MD-PhD candidate, Adam Briner’s photo makes the journal cover of Cell Reports.
- Link to this issue: https://www.cell.com/cell-reports/issue?pii=S2211-1247(19)X0034-0
- Link to the Adam’s paper: https://www.cell.com/cell-reports/fulltext/S2211-1247(20)31030-5
Adam’s paper deals with the role of a kinase called Fyn in the development of tau pathology, which is one of the aggregated lesions in Alzheimer’s disease. He used a mouse model that lacks Fyn and found that tau aggregation was dramatically reduced, potentially highlighting the therapeutic value for Fyn inhibition in treating not only Alzheimer’s disease but all tau pathologies (which is a pretty big family of diseases). The cover image of the journal was a modified confocal microscopic image of a cellular model of tau aggregation (with aggregated tau in gold).
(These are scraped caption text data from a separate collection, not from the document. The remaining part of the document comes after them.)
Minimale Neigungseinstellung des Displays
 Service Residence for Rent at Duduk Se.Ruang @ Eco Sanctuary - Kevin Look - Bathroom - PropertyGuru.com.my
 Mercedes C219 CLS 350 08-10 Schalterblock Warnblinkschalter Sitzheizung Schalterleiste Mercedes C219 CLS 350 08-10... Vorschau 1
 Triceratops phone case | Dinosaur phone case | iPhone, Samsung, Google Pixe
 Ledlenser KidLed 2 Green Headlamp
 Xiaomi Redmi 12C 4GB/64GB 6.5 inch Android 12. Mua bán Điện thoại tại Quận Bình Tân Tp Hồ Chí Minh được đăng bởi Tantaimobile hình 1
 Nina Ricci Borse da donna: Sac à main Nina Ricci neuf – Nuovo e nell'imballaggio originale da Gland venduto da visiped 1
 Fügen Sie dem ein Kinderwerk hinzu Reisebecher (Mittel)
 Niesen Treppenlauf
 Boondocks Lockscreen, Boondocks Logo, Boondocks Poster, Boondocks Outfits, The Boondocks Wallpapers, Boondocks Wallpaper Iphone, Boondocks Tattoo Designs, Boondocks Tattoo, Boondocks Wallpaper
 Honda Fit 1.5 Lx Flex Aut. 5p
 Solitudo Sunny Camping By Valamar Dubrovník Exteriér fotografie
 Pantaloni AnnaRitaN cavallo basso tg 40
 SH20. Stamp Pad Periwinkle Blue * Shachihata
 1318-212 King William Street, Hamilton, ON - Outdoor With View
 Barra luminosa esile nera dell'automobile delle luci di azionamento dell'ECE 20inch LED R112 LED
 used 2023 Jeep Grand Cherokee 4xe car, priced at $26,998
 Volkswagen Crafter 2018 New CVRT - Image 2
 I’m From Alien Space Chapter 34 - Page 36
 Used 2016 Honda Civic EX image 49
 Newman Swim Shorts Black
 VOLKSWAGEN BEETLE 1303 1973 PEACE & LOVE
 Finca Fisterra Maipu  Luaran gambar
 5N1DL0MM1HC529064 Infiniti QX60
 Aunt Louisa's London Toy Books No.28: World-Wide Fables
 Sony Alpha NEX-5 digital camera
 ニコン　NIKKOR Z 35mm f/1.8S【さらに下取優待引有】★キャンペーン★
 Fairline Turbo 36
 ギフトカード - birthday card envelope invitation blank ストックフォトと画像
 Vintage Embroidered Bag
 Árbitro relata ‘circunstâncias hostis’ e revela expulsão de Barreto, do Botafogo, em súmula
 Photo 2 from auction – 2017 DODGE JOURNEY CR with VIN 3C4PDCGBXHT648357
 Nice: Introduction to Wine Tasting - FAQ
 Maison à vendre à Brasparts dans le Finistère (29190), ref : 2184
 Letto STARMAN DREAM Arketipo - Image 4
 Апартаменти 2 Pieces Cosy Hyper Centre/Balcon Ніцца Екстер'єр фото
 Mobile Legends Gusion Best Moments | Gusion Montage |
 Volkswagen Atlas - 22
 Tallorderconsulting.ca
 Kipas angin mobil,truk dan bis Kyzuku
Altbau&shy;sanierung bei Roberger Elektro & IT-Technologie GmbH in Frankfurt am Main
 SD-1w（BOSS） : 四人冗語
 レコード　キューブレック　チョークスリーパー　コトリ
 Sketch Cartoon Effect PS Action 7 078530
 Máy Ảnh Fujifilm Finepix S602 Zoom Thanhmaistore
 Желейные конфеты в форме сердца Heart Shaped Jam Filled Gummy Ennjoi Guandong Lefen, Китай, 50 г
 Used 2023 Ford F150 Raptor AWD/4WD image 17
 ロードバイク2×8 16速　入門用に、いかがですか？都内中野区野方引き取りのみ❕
Read more about Adam’s PhD research:
While the underlying pathomechanisms of neurodegenerative disorders remain largely unknown, protein aggregation is a defining feature of all such dementias. Alzheimer’s disease, the most common form of dementia, displays extracellular aggregates of β-amyloid (Aβ) as amyloid plaques and neuronal neurofibrillary tangles (NFTs) made up of hyperphosphorylated tau protein. However, tau pathology alone is the causative element for a broad family of sporadic and hereditary dementias known as tauopathies.
A long held (albeit hotly contested) hypothesis in the field is that these two lesions work synergistically alongside a tyrosine kinase named Fyn to induce neuronal loss. However, whether Fyn controlled tau pathology in diseases that lack Aβ pathology remained unexplored. To address this gap, we generated a mouse model that couples Fyn knockout with tau pathology, which we named the Tg/Fyn-/-. To our great surprise, we found that the Tg/Fyn-/- mouse were virtually clear of NFTs, while displaying strong reductions in tau hyperphosphorylation, insoluble tau, and synaptic tau accumulation. The tau in the brains of Tg/Fyn-/- mice was also markedly limited in its prion-like activity. Lastly, we showed that this amelioration of tau aggregation was at least in part driven by Fyn’s direct phosphorylation of tau. Overall, these findings highlight the possible therapeutic value of Fyn-inhibiting drugs in treating not only Alzheimer’s disease but all dementias bearing tau pathology.
The cover image of the journal was a modified confocal microscopic image of a cellular model of tau aggregation (with aggregated tau in gold).